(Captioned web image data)
════════════════════

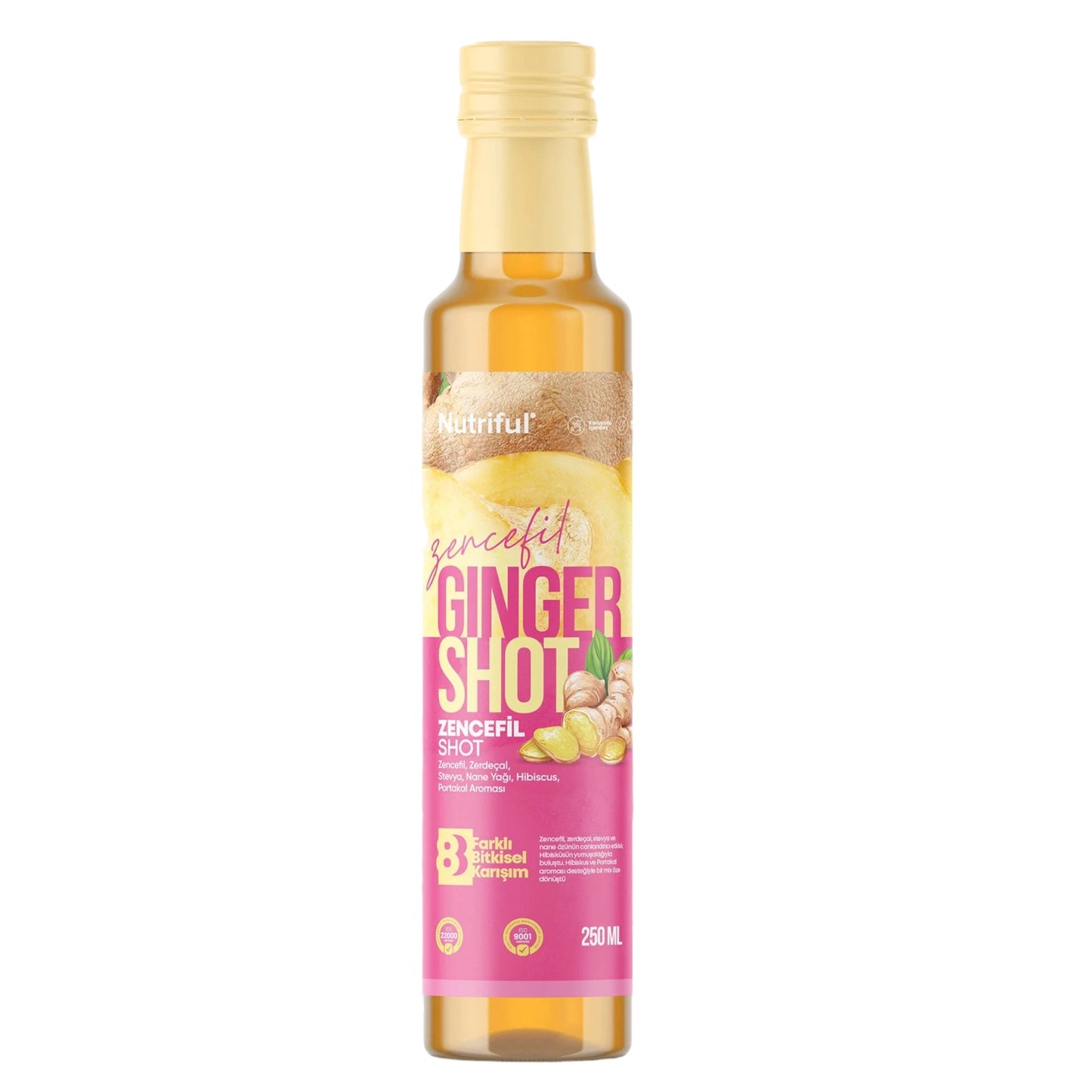Nutriful Zencefil Ginger Shot – Met Gember, Kurkuma, Stevia, Muntolie & Hibiscus - Sinaasappelaroma - 250 ml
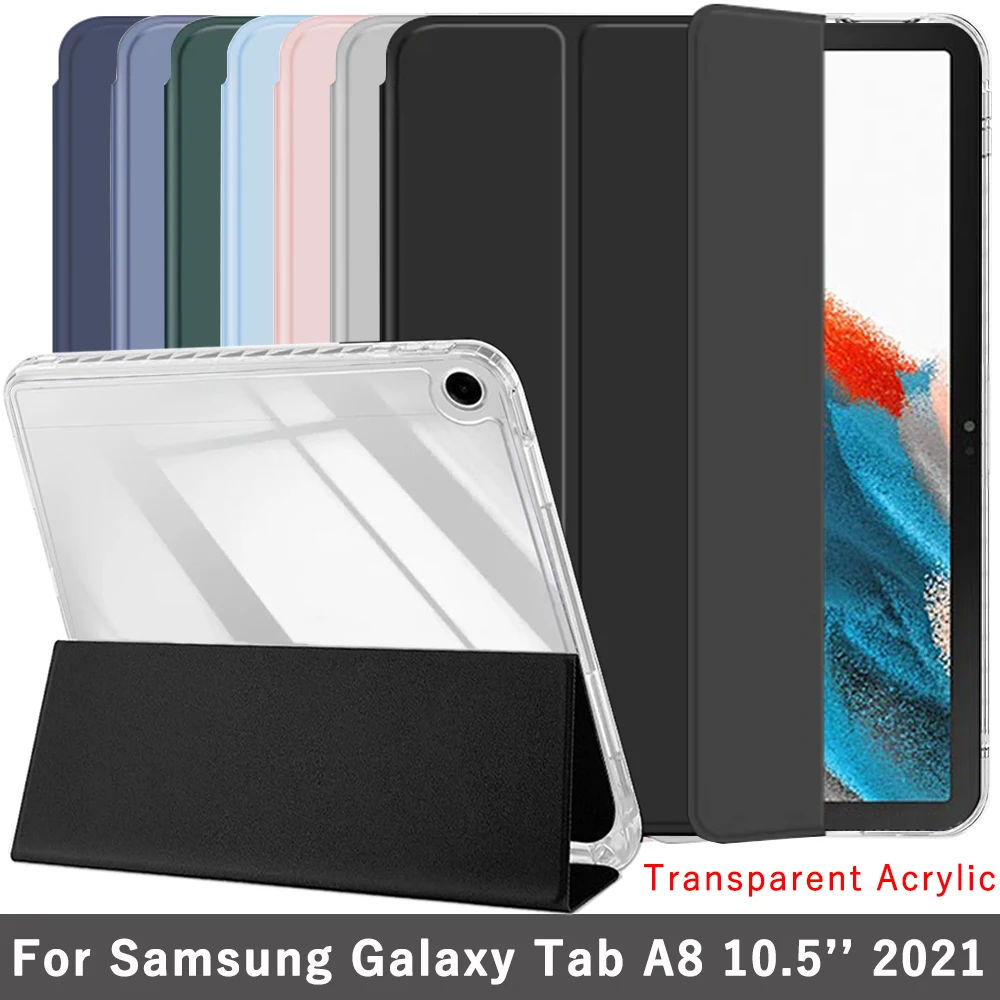 Klare Kristall-Tablet-Hülle mit Stiftschlitz für Samsung Galaxy Tab A8 10,5 Zoll 2021 SM-X200 SM-X205, dreifach faltbare magnetische Standhülle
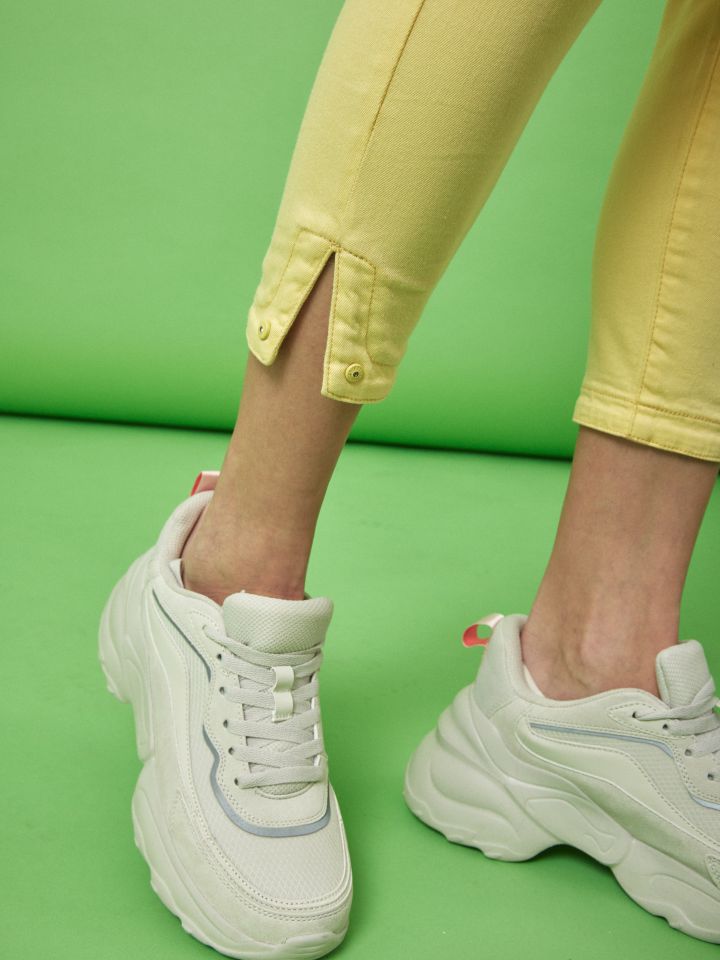 מכנסי דריל שליץ צד  PROMO בצבע צהוב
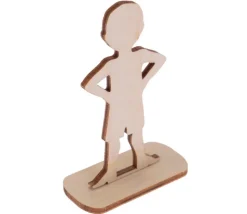 6 Figurines famille en bois naturel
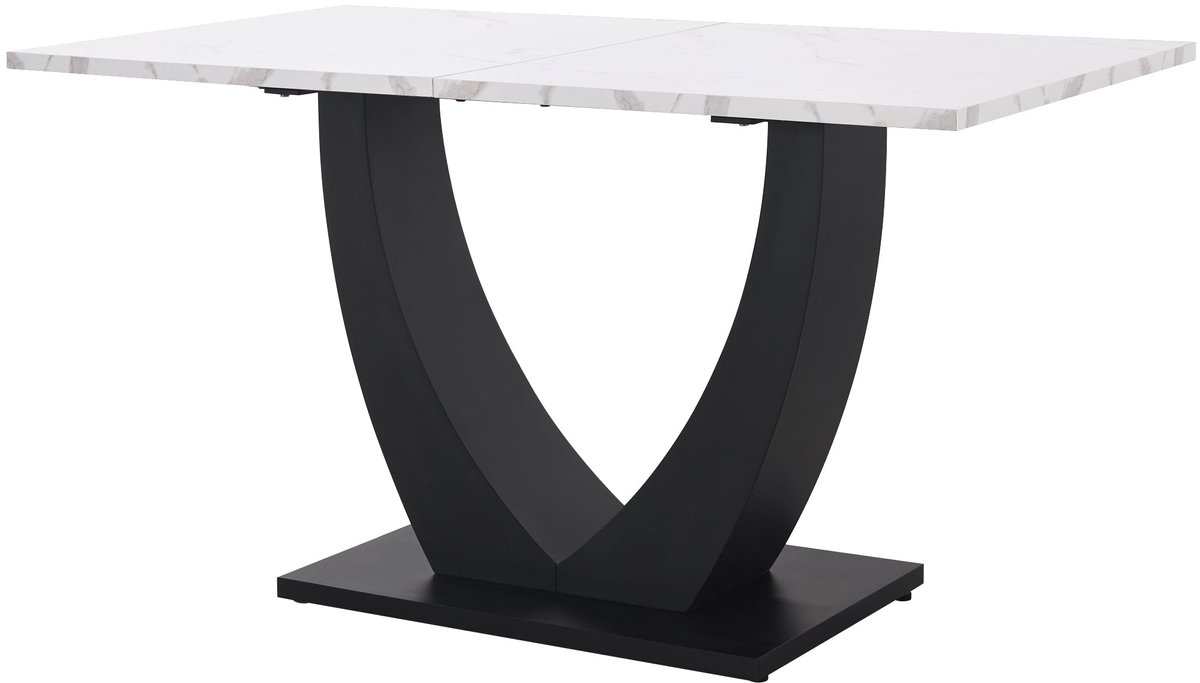 Merax Eettafel 140x75 cm Rechthoekig Wit Marmerlook Metalen Poten Verstelbare Voeten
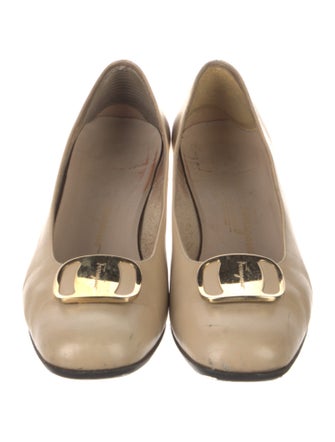 Salvatore Ferragamo Leather Bow Accents Flats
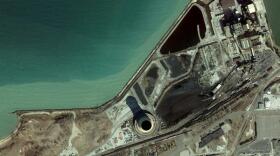 An aerial image of NIPSCO's Michigan City coal plant.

════════════════════

▶ [Directions for this task] Reproduce exactly the lines that run from the line holding "מכנסי דריל שליץ" through the final line of the entries, and omit every picture.

▶ [Solution to this exercise]
 מכנסי דריל שליץ צד  PROMO בצבע צהוב
 6 Figurines famille en bois naturel
 Merax Eettafel 140x75 cm Rechthoekig Wit Marmerlook Metalen Poten Verstelbare Voeten
 Salvatore Ferragamo Leather Bow Accents Flats
 An aerial image of NIPSCO's Michigan City coal plant.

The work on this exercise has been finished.